Museum tours bring history to life

The Golden Museum is taking residents and visitors to the history in and around the area.

The tour of the Donald Cemetery took visitors on a short hike in the woods to get to their final destination. The group was given the chance to learn about what Donald was like in the past while seeing a part of the history of the town.

The tour of the Donald Cemetery took visitors on a short hike in the woods to get to their final destination. The group was given the chance to learn about what Donald was like in the past while seeing a part of the history of the town.

The Golden Museum is working hard at not only preserving local history but also taking people on tours to where local history comes from.

Recently a tour group went out to the cemetery in Donald with President of the Golden Museum, Denice Darbyshire. The event was an opportunity to learn not only about the cemetery but also a chance to look back at the history of Donald. Darbyshire explained why she thinks these type of tours are a valuable asset for both local residents and people visiting.

“I think they are important so people can get to enjoy  and see the history. It makes them more aware of what happened in the community years ago.”

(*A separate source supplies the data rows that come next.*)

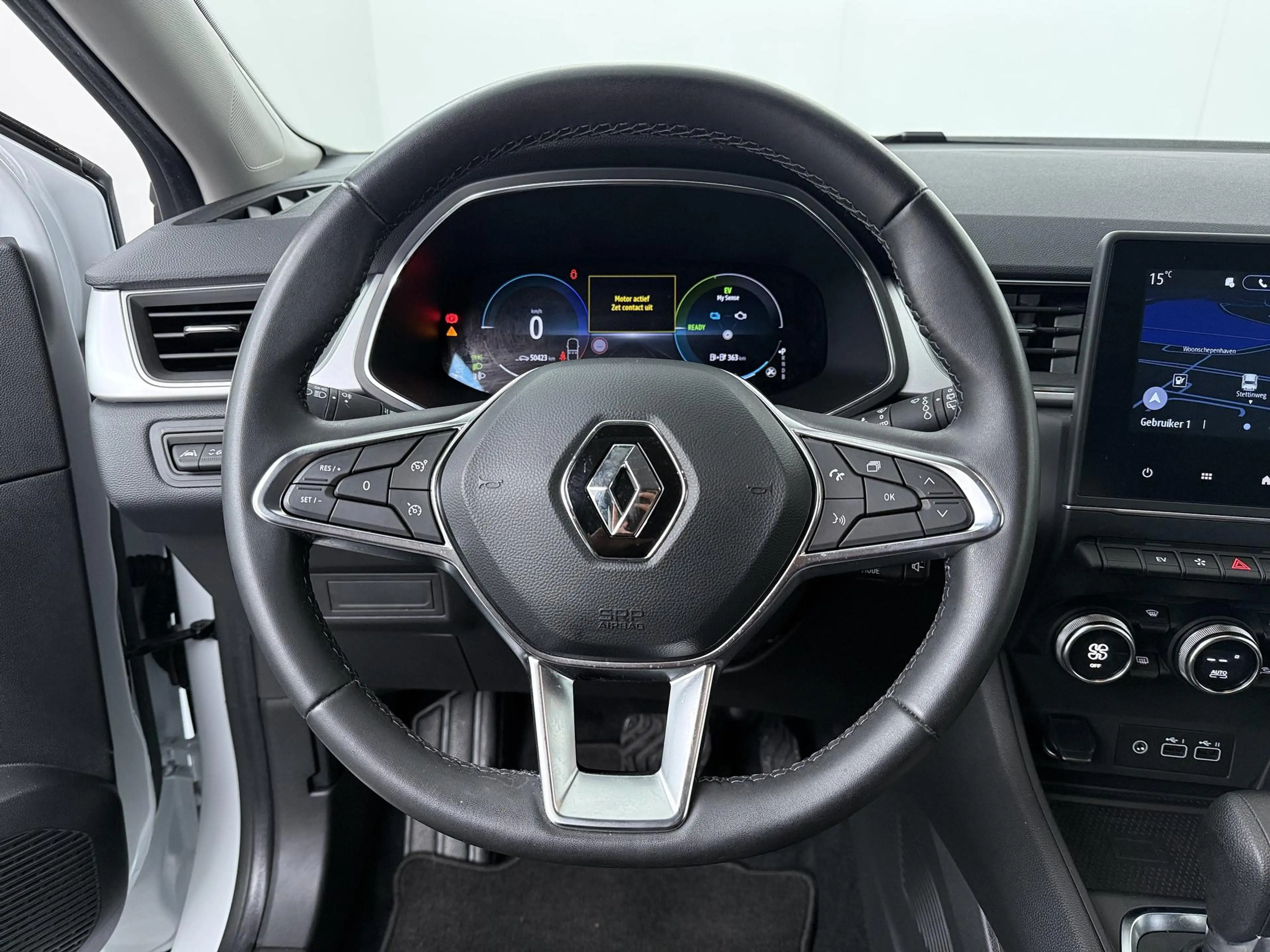Renault Captur techno E-Tech plug-in hybrid 160 | trekhaak | Navi — photo 9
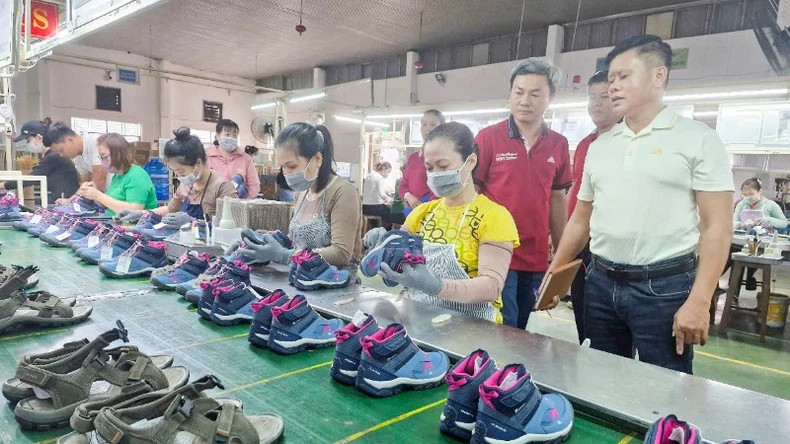 岘港友谊股份公司的鞋履生产。 岘港友谊股份公司的鞋履生产。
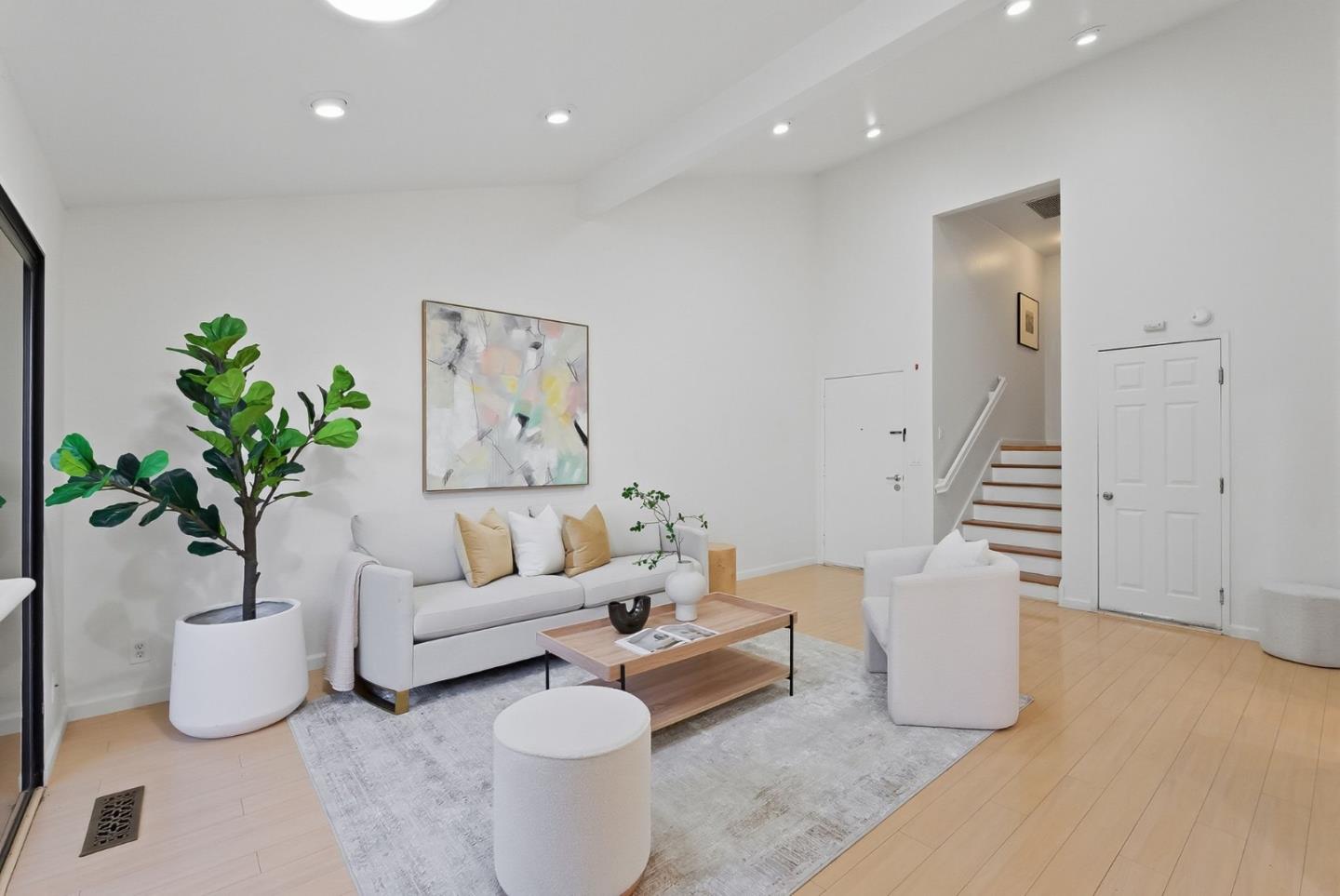 20012 Northcrest Square, Cupertino CA 95014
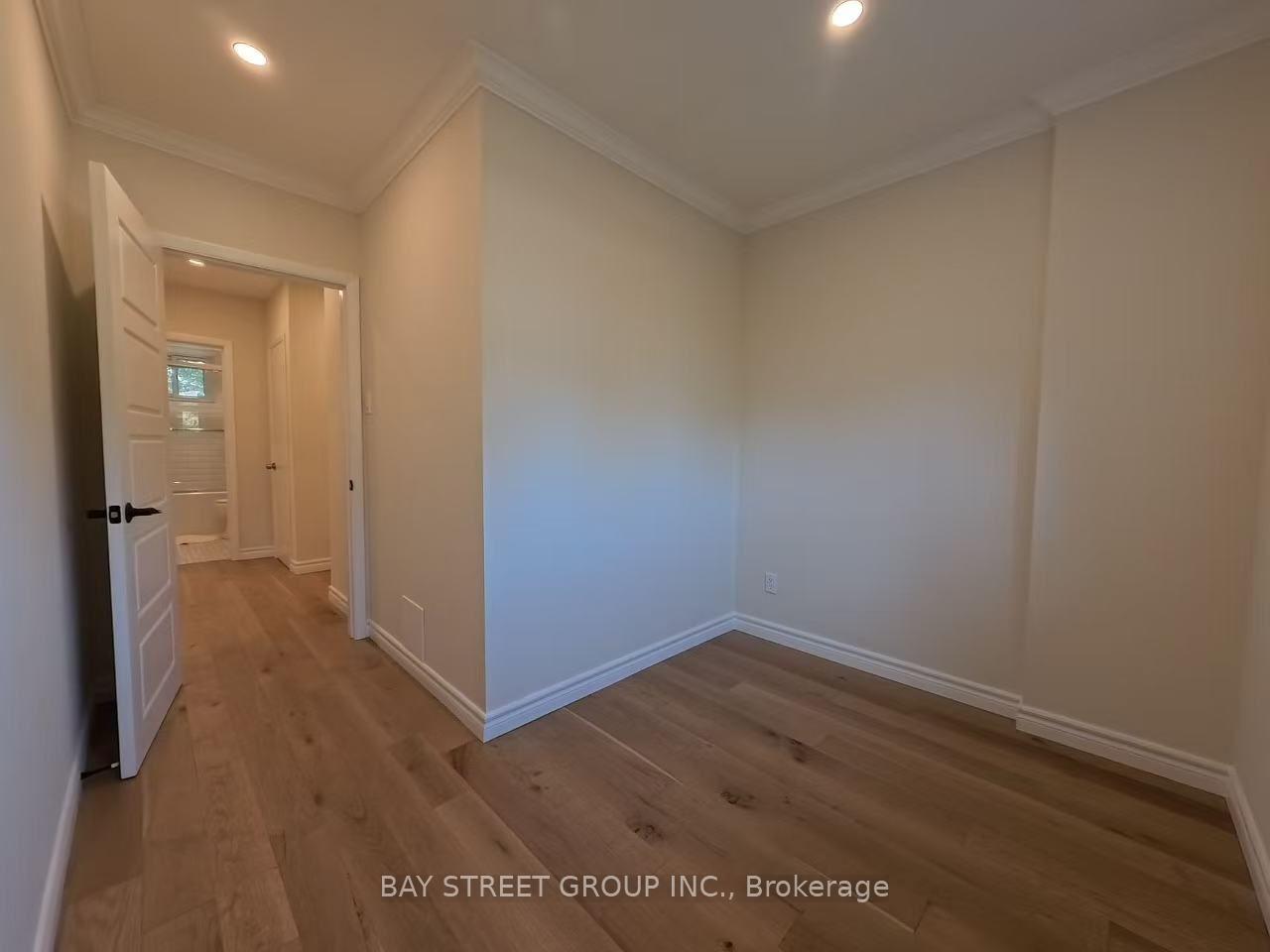 Photo 18 of 402 Osiris Drive, Richmond Hill, Crosby — HOMEH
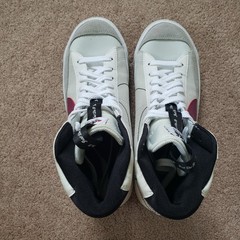 Size 6.5Y (GS) – Nike Blazer Mid 77 SE White Rush Maroon White Gray Black
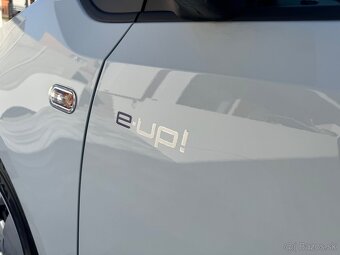 Vw e Up , 68.000km elektromobil - 15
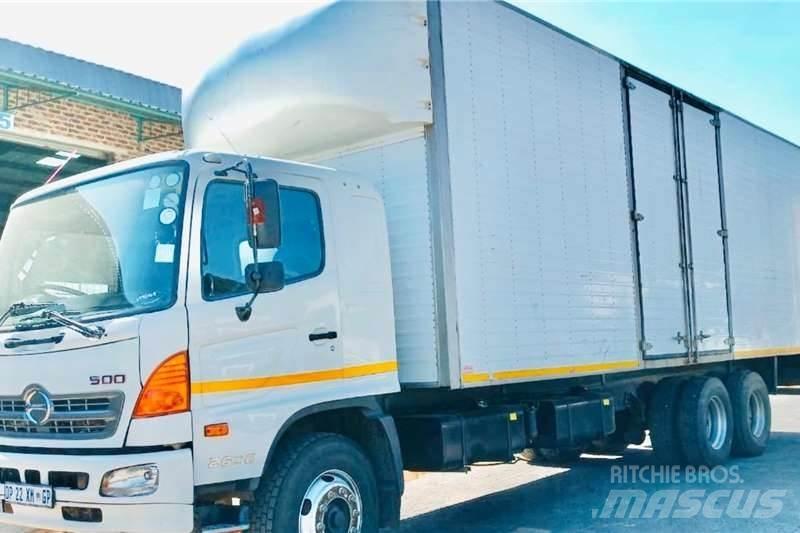 Hino 500 2626 Camion altro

While on the tour people were given the chance to hear about what life was like in the past in Donald.

According to information provided by Darbyshire, Donald was named for Donald A. Smith, and was a lively town with many hotels and saloons. The town had about 1300 residents in 1885, and for a time had a baseball team that would compete against teams from Field and Windermere.

For Darbyshire, one of the great things is to see the response of the people who come out to see history.

“You are in its presence. Many people say a cemetery is creepy. I do not find this. I find it more of a mystery. Why they are here and seeing it from a different perspective than found in a book,” Darbyshire said.